Вот взгляд молодого и даже симпатичного девичьего лица нащупывает в тёмном углу своего обидчика. Осознав, что его обнаружили, Андрей морщится как дождевой червяк. Его припухшие от рыданий глаза выражают мольбу о прощении.

К удивлению Андрея девушка выражает молчаливое понимание и одаривает своего бывшего палача успокаивающим взглядом. Она быстро теряет к нему всякий интерес и отводит глаза в сторону, успев запустить в Андрея последнюю искру. Искру уничтожающей жалости. Эта искра приводит в действие жестокий подсознательный механизм Шаттла и бешенство вновь заволакивает палату мрачным туманом. В стене разрастается знакомый водоворот и изгнанный демон, изрядно выросший в габаритах, возвращается в палату.

Пара ангелов бросается на него, но огромная бензопила в единый миг разрезает их пополам. Очередь за девушкой в костюме санитарки. От цепи бензопилы до её шеи остаются миллиметры, когда Андрей вспоминает это лицо. Демон завершает своё дело и спокойно удаляется в свой мир, оставив три растерзанных механическим оружием тела, но у Андрея нет ощущения победы. Отнюдь, он догадывается, что проиграл и лишился чего-то важного. Чего-то, что уже никогда не вернуть.

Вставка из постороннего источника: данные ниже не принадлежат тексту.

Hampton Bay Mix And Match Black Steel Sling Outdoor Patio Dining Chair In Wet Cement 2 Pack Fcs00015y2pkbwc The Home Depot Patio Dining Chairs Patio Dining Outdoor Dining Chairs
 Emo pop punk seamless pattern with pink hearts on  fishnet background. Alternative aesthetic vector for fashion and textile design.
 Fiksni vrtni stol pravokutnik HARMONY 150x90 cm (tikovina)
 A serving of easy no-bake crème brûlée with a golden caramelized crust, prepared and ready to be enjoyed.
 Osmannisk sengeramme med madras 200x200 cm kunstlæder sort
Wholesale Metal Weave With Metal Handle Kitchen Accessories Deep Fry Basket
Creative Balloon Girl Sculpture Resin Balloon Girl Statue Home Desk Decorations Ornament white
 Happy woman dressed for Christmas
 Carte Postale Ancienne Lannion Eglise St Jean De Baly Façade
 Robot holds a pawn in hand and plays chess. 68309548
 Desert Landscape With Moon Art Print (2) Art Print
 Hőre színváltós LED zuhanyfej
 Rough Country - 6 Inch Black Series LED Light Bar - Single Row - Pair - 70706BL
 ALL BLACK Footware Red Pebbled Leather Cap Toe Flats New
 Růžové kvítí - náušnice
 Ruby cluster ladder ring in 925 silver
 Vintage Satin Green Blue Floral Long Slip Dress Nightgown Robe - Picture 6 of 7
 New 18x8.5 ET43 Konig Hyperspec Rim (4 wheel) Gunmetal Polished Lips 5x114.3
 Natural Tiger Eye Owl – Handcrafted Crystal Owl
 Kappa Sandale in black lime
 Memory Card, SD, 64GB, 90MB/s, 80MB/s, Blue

Девичья голова подкатывается к его ногам и останавливается, уставившись глазами вверх. Андрей опускает взгляд и видит, нет – чувствует ту самую выжигающую все внутренности жалость. Жалость жертвы к своему убийце.

– Но ведь это не я! Не я тебя убил! – завопил Андрей.

– А кто? В палате больше никого нет. Ваши руки в крови. – старший лейтенант Ловчев довольно потирал ладонями и и вопросительно пялился на Андрея.

– Да меня вообще не может здесь быть. Как и всего этого.

– Этот факт вам ещё предстоит доказать. У вас есть алиби?

И, аллилуйя, алиби впорхнуло в кабинет и спокойно заявило:

– Андрей Фёдорович Шаткий в данный момент отдыхает после очередной сложной операции в VIP-палате отделения медико-психологической реабилитации. А это в другом крыле здания. Так что прекратите милицейский произвол! – голос Класи не имел абсолютно никакого выражения, чем смял лейтенанта в жалкий комок бессилия.

Милиционер стал быстро уменьшаться в размерах, пока совершенно не исчез.

Сам Андрей тоже уменьшился, что позволило Класе взять его на руки и вылететь из палаты №22. Маленький Андрюша прижался к груди своего ангела-хранителя и впал в коматозное состояние.


Андрей Павлович Ковыряло с облегчением выдохнул. Прекома отступила и его друг перешёл в состояние безобидного глубокого сна. Теперь можно заняться улаживанием бумажных дел: очистить историю больного от упоминаний про отравление производными барбитуровой кислоты.

К счастью, организм Андрея Шаткого оказался намного крепче, чем врач ожидал. Будь Шаттл на 15—20 лет старше, он вряд ли выдержал бы наркоз после принятия изрядной дозы ангельских слёз.

– Клася… Клася. – этот бредовый зов безумно обрадовал Ковыряло, предпочитавшего не отходить от пациента и лично проводить все процедуры. Он распорядился, чтобы юную медсестру срочно сняли с выходного, полагающегося после ночной смены, или вызвали в частном порядке на обслуживание VIP-палаты.

Девушка отреагировала оперативно и уже спустя сорок минут сидела в кабинете Андрея Павловича.

– Поздравляю, Клавдия Егоровна, наш неудачливый пациент, судя по всему, не равнодушен к вам.